• _Task requirements_: In the records below, find each line holding the word "dark" and copy it.

• _Task data_:
◇ ◇ ◇ ◇
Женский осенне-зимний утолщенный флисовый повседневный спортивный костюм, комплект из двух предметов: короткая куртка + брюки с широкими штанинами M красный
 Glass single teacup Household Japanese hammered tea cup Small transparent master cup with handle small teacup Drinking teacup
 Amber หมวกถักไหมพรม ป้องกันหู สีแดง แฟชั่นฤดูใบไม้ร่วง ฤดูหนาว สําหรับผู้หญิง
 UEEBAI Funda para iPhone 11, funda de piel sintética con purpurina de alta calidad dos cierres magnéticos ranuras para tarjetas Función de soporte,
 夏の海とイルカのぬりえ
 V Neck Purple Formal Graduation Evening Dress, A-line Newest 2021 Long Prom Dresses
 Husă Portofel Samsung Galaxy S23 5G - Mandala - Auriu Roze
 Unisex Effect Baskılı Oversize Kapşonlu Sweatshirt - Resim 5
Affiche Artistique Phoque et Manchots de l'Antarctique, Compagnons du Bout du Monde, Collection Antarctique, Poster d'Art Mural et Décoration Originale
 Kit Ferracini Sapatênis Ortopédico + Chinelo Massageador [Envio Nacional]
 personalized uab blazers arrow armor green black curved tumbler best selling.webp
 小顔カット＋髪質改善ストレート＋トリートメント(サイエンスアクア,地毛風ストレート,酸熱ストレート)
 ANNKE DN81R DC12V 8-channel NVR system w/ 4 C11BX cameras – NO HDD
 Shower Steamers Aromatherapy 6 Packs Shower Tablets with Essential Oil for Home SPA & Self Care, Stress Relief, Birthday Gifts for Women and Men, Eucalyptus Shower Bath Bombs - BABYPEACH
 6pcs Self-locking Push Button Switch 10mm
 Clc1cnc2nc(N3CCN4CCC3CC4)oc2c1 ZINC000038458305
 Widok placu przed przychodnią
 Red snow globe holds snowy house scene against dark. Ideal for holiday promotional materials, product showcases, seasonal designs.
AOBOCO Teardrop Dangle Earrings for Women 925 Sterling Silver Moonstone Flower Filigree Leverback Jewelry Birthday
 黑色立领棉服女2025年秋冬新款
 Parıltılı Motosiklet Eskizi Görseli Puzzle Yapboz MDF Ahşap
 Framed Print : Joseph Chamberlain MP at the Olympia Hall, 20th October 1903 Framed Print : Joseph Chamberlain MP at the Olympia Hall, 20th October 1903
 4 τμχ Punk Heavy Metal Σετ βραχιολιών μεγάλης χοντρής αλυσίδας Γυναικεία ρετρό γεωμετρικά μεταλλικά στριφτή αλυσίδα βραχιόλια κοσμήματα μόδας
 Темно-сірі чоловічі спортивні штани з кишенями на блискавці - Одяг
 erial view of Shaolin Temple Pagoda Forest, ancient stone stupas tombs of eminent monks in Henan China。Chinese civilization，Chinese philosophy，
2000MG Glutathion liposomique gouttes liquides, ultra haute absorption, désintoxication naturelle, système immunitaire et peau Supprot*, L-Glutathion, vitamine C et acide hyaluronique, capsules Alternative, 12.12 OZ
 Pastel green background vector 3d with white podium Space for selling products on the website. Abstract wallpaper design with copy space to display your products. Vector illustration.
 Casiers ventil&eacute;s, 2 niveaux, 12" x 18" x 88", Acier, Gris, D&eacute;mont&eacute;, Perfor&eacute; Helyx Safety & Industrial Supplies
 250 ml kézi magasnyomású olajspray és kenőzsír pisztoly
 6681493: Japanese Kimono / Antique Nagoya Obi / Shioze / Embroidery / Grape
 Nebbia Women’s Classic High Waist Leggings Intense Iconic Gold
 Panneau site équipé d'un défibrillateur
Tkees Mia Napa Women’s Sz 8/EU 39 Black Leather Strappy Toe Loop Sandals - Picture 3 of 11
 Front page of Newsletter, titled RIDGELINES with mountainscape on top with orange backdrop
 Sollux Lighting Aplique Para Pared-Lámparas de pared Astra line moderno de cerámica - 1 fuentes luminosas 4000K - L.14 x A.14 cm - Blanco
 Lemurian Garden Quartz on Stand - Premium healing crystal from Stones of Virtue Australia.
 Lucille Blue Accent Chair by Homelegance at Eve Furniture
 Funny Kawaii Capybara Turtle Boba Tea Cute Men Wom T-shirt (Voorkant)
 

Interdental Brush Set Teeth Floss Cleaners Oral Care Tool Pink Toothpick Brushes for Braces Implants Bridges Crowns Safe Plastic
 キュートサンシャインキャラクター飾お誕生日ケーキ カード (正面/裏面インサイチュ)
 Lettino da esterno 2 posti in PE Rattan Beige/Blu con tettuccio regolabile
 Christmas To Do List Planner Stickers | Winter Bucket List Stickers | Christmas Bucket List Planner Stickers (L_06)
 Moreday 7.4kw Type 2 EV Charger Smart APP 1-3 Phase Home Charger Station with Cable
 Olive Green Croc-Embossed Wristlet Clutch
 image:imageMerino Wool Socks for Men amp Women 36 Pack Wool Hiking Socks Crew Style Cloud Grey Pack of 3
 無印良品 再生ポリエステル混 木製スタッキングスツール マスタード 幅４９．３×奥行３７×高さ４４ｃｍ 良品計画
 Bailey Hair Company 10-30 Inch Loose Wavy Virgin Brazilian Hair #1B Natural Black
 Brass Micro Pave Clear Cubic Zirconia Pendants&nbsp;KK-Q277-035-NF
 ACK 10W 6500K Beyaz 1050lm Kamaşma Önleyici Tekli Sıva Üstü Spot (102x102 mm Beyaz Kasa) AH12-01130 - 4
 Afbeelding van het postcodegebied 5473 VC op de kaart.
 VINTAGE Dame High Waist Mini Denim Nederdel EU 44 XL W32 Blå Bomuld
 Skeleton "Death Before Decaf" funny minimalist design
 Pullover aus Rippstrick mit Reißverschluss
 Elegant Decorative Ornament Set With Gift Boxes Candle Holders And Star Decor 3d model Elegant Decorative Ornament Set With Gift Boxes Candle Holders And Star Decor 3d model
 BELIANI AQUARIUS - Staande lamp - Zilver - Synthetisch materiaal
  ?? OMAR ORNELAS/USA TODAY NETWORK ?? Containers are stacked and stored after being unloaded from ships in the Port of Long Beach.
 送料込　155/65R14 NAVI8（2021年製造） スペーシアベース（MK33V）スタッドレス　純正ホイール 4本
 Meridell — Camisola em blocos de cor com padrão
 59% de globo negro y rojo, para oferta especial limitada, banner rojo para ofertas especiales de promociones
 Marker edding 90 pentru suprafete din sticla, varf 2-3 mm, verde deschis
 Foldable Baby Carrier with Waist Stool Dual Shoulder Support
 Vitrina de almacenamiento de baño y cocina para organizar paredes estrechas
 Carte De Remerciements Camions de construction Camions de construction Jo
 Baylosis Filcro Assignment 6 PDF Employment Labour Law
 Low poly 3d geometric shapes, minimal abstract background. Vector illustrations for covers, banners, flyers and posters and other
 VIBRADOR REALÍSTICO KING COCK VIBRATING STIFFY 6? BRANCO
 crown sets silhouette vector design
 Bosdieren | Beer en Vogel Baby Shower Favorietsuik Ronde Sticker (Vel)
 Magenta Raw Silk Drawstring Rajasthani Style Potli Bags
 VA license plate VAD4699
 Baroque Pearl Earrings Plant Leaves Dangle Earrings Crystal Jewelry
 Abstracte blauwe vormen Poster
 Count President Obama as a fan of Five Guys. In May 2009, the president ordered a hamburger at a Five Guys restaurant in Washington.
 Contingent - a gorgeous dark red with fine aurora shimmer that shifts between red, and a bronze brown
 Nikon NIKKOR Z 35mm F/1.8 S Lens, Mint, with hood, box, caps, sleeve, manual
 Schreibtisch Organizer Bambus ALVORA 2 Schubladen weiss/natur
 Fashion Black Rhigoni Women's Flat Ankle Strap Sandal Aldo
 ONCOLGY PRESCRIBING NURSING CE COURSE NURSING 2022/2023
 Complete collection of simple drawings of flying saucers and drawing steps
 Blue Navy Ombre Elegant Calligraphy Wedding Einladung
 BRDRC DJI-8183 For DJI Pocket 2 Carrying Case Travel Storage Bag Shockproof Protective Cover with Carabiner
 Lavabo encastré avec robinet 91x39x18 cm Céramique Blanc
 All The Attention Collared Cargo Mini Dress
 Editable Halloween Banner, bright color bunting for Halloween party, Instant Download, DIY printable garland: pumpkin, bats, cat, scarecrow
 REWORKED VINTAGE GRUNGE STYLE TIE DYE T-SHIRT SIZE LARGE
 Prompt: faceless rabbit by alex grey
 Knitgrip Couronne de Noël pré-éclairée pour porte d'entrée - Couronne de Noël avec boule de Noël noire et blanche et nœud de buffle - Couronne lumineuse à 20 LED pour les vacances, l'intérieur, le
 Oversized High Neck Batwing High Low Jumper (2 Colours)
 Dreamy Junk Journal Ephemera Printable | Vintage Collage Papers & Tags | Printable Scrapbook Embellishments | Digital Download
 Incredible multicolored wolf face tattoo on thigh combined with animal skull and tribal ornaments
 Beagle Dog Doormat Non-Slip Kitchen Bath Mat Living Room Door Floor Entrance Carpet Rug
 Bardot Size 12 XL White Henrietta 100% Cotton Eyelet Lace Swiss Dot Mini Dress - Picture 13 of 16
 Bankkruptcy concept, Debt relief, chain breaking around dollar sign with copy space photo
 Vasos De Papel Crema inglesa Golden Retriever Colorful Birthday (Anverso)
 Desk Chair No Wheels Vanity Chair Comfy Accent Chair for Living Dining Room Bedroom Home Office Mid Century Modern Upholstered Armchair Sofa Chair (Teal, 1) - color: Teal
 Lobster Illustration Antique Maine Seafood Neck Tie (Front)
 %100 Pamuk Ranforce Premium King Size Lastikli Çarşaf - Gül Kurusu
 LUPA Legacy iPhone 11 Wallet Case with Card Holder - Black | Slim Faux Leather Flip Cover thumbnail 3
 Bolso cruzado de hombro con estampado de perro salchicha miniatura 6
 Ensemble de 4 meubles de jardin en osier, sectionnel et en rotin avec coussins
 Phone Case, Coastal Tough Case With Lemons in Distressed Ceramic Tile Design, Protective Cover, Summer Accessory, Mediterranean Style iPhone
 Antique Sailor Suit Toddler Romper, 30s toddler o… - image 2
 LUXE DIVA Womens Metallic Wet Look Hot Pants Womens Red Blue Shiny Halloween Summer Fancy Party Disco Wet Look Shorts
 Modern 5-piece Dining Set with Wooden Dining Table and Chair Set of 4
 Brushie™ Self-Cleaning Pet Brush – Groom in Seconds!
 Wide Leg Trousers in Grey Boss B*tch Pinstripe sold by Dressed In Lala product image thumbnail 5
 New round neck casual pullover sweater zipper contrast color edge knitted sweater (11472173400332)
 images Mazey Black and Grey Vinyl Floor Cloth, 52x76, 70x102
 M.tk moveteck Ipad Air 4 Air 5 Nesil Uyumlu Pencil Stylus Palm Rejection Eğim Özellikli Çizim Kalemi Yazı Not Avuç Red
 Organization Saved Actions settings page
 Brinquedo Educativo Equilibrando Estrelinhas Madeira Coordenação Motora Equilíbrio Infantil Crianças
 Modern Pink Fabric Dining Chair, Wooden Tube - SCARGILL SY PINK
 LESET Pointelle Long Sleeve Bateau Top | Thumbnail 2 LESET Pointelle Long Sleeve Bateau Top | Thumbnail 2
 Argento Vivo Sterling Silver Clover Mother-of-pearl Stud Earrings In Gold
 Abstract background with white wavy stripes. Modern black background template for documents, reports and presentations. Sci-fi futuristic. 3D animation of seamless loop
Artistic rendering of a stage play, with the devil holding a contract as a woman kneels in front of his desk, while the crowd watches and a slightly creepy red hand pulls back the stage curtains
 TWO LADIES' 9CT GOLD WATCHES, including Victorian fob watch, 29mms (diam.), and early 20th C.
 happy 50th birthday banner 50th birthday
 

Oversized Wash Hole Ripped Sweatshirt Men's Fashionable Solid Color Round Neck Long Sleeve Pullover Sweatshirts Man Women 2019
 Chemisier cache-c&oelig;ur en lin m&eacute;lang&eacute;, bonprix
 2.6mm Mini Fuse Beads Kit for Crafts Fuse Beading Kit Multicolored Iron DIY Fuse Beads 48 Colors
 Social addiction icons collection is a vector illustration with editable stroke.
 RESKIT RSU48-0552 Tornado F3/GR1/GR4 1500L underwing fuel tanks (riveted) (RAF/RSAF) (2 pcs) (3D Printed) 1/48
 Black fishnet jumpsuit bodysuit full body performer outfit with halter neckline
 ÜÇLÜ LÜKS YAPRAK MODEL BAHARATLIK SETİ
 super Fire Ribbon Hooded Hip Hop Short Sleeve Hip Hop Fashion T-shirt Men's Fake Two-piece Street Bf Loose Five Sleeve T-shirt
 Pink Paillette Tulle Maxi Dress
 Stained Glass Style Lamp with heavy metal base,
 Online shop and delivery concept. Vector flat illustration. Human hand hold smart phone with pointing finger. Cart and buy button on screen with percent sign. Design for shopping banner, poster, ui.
◇ ◇ ◇ ◇
• _Reply_:
 Red snow globe holds snowy house scene against dark. Ideal for holiday promotional materials, product showcases, seasonal designs.
 Contingent - a gorgeous dark red with fine aurora shimmer that shifts between red, and a bronze brown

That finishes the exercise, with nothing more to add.